2025, Nov 19 21:00

Orchestrating split 7z archive downloads and extraction with Python asyncio, aiohttp, and async subprocesses

Learn how to download split 7z parts with aiohttp while extracting via asyncio subprocess, using TaskGroup to avoid blocking and keep event loop responsive

Async download and on-the-fly extraction of split 7z archives sounds straightforward until the event loop stalls on blocking calls. With Python 3.12.3, asyncio, and aiohttp, the core challenge is orchestrating two pipelines at once: fetching parts for file_N while extracting file_N−1 without freezing the loop.

Problem setup

The input starts as a flat list of 7z parts grouped by base archive name. Synchronous download-then-extract works but wastes time while extraction blocks the loop and the next batch waits.

Problematic code sample

The following snippet shows where things go wrong. The names are different, but the behavior mirrors the original approach.

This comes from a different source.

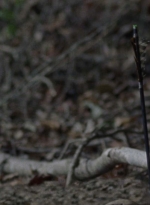 twd912_1378.jpg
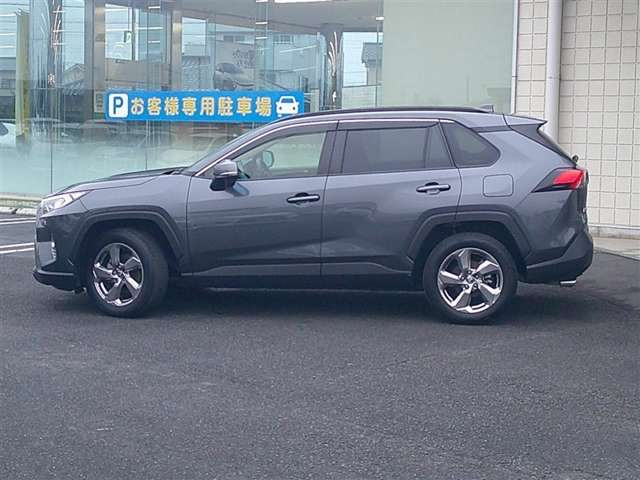 RAV42.0 X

async def orchestrate(self, items: list):
    base_labels = list(set([re.sub(r'\.7z.*$', '', y) for y in items]))  # ["file_1", "file_2", ...]
    for label in base_labels:
        related = [y for y in items if f"{base_labels}.7z" in y]
        for shard in related:
            self.fetch_chunk(shard)
        self.unpack_sync(label)  # long-running and blocks the loop
async def fetch_chunk(self, ref):
    url = f"{xxx}/file"
    async with self._session.get(url=url) as resp:
        with open(output_document, "wb") as fh:
            size = 64*1024
            async for buf in resp.content.iter_chunked(size):
                fh.write(buf)
async def unpack_sync(self, base) -> None:
    cmd = ['7z', 'x', f"{base}.7z.001", f"-o{save_dir}"]
    subprocess.run(cmd, stderr=subprocess.STDOUT, stdout=subprocess.PIPE).stdout.decode('utf-8')

What actually breaks

The extraction phase uses subprocess.run, which blocks the event loop. While 7z is extracting, no downloads progress. There is also a subtle logic bug in the selection of parts. The filter uses the wrong variable inside the f-string, which means related parts are not selected as intended. Finally, the download coroutine is created but never awaited, so the loop doesn’t actually wait for the I/O to finish.

Reshaping the workflow

The solution hinges on two simple moves. First, transform the flat list of parts into a list of batches, where each inner list contains all parts of a single archive. Second, use asyncio.TaskGroup to download the current batch while asynchronously extracting the previous one. Extraction must run without blocking the event loop; asyncio.create_subprocess_exec does exactly that. If a synchronous extraction wrapper is already in place and thread-safe, asyncio.to_thread is also a viable alternative.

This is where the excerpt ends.